Business

How Public Relations Works to Create Or Improve an Organization’s Identity

I cannot count how many occasions clients, and sometimes employers, request me, as a public relations professional, to handle marketing and advertising tasks. My response was always “OK.”

Perhaps I should have educated them. Nah. As a freelancer who was paid per hour or an employee who relied on her paycheck, I thought, in this particular instance, that ignorance was the best policy. Now that I no longer depend on my income from freelance work or a paycheck from an employee, I’ll reveal an undiscovered fact. There’s a significant distinction between these two functions.

In contrast to advertising and marketing, Public relations doesn’t try to sell but instead communicates information that can ultimately help the business in three ways:

1.) It can enhance or create the public image of an organization, its products, or its services.

2.) It can distinguish the business (or its products or offerings) from its rivals

3.) It helps define an organization (or its products or service) within its market

Let’s examine how public relations can create or enhance an organization’s public image.

To establish an image, PR professionals need to increase the awareness level of the company. They accomplish this in that when people see the company’s name, Let’s refer to them as QRS; XYZ is so over, and they consider, “Oh, yeah. They sell rivets.” And even more important is that as they imagine rivets, they imagine QRS.

PR professionals increase visibility by systematic and strategic efforts to get their clients’ names and products to the appropriate people. Their methods are based on the target audience, the client’s wishes, and the budget, such as Plans for PR, press releases, trade shows, press conferences, direct mail campaigns, public tours and special occasions brochures, newsletters, and a myriad of other strategies. It’s unnecessary to go into more detail about this because we haven’t yet talked about how to “improve” part of this first task: to establish or enhance the image of an organization.

“The “improve” part is what many people think of when they refer to PR “spin.” But that’s not really what spin is actually about. It’s about twisting reality to fit with a company image of its own. It’s not what I’m speaking about. I suggest that you be who you are and if you don’t love what you’re doing, alter your own perception. It doesn’t mean you shouldn’t spray a bit of water on the ear of your company or spray some Binaca on the latest announcement to rid it of its burrito smell; however, honesty is the best approach for the most part. It can be (and frequently is) the situation that the public’s perception isn’t accurate. Da-da-ta-da! Public relations to save the day!

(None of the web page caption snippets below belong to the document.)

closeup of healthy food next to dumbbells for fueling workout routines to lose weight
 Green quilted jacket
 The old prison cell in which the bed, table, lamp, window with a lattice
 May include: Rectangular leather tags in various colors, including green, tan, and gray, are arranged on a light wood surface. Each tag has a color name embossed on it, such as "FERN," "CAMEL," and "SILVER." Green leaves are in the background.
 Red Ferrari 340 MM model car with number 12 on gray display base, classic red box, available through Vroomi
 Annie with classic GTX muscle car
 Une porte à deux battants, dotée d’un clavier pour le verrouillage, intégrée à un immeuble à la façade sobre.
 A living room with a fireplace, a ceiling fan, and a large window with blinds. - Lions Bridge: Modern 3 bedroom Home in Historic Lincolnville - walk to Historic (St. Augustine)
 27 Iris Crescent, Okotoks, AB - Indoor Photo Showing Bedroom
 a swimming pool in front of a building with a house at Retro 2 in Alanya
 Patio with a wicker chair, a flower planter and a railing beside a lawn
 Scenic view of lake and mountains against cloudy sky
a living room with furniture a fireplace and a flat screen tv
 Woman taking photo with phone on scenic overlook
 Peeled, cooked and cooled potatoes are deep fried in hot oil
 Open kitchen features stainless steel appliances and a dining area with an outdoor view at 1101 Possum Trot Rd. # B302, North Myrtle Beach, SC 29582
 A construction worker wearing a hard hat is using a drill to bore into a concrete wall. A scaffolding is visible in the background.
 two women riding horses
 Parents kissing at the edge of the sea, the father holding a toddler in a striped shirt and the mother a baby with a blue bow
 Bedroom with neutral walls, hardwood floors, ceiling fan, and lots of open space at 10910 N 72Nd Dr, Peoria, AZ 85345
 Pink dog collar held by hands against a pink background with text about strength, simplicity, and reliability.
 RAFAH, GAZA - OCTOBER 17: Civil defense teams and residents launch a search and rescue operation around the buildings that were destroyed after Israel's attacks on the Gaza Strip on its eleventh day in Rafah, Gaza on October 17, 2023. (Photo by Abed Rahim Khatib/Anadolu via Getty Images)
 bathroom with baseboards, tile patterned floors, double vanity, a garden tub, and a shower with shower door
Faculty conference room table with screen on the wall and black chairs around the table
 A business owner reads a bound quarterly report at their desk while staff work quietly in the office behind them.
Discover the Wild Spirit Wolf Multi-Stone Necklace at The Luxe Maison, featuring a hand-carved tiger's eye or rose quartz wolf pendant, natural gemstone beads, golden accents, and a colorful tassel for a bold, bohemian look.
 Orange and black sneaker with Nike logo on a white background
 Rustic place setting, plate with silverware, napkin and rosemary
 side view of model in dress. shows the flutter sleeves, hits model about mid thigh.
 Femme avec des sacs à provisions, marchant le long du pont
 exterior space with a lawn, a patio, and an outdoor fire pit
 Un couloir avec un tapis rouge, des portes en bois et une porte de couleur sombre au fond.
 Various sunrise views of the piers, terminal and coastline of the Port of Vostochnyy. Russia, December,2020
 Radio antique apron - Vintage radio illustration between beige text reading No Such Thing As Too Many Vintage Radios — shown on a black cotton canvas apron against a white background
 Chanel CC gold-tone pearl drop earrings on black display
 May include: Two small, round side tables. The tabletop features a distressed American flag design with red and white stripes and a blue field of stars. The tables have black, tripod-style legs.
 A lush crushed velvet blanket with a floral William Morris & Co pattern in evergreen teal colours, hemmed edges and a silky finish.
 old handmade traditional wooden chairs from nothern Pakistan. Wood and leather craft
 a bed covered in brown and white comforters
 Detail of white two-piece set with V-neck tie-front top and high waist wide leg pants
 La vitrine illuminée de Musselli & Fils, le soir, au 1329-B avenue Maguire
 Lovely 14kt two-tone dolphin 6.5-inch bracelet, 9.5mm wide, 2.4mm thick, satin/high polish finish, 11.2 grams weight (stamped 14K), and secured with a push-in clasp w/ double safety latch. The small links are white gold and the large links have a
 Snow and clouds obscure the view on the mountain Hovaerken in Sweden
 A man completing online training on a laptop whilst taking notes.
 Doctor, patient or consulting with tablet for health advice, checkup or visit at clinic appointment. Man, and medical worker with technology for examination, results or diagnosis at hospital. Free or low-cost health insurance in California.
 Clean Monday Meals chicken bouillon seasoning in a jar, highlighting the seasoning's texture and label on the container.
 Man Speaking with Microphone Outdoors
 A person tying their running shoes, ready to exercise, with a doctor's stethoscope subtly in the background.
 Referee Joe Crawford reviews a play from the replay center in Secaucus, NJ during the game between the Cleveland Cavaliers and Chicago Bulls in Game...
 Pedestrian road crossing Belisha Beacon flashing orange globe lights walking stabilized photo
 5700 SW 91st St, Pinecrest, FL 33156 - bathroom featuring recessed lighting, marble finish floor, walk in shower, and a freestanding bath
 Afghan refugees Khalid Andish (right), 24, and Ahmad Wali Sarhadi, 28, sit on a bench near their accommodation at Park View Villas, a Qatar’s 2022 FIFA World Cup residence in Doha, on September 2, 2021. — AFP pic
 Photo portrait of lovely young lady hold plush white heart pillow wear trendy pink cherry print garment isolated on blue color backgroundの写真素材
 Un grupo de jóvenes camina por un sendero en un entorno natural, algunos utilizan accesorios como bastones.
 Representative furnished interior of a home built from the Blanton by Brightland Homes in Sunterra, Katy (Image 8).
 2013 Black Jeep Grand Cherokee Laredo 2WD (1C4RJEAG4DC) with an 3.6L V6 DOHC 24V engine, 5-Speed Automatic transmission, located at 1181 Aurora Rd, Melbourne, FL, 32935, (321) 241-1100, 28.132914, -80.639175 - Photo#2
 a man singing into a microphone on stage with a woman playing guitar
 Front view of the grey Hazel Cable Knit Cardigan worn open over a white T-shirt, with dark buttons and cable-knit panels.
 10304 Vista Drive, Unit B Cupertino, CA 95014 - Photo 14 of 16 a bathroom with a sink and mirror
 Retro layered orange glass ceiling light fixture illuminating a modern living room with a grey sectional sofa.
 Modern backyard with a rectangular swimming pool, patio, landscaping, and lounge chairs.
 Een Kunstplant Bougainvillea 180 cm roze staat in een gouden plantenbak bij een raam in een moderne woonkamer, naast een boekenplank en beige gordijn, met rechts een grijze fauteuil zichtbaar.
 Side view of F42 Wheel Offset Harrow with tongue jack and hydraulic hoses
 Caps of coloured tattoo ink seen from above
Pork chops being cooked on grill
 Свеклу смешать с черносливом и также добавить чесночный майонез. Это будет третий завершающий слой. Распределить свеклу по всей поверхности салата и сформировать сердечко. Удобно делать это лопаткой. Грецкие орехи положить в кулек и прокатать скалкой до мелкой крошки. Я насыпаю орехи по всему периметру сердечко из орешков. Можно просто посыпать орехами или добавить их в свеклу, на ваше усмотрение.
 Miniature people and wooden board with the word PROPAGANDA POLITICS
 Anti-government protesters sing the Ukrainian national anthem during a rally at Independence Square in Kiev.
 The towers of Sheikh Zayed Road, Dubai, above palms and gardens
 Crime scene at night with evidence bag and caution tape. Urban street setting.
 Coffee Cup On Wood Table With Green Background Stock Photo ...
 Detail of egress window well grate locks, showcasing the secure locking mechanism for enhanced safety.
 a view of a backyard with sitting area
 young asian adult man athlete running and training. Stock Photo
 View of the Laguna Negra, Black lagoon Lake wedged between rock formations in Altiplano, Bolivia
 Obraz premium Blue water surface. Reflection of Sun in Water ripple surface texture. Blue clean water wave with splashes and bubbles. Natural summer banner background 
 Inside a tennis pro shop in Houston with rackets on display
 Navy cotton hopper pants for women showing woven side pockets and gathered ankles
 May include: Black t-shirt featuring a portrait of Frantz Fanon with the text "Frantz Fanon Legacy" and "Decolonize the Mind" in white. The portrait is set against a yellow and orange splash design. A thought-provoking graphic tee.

PR professionals start to change negative perceptions by first identifying the perception using marketing research and audits of communications or surveys. It is possible that QRS does not know the reason for its sales has slowed. An audit could help to solve that problem.

When the negative impression is recognized, PR professionals must ensure that all media messages of the business specifically target (or neutralize) the negative impression. Remember your math: two negatives make a positive.

Are you looking for an illustration? Let’s suppose that QRS provides rivets to designer jeans. Their customers are jean makers; their audience comprises these manufacturers and trade publications that cater to the denim industry and rivet analysts (if there’s such a group). QRS finds during their audits that people have the misconception that their rivets are prone to falling off. The perception is false. By conducting “independent, scientific research” (where do they get all these free lab jockeys? ), QRS knows that its rivets have a two percent higher “stick” than any other manufacturer of rivets. The PR experts are required to convey this information to the interested people. They do this using the channels we mentioned in the previous paragraph: press releases, trade shows, special events, etc.

This sounds fairly simple. The truth is that it’s not. It’s just a matter of research and lots of communication.

Otter Pr Reviews is a public relations instructor for PR Essentials, an online public relations course [https://www.theodysseyonline.com/otter-pr-reviews-public-relations] available through Careers in Public Relations.

Lokesh Goyal

I have been an SEO Expert in this field for more than 5 years. I have worked with many companies. We provide quality social media marketing services.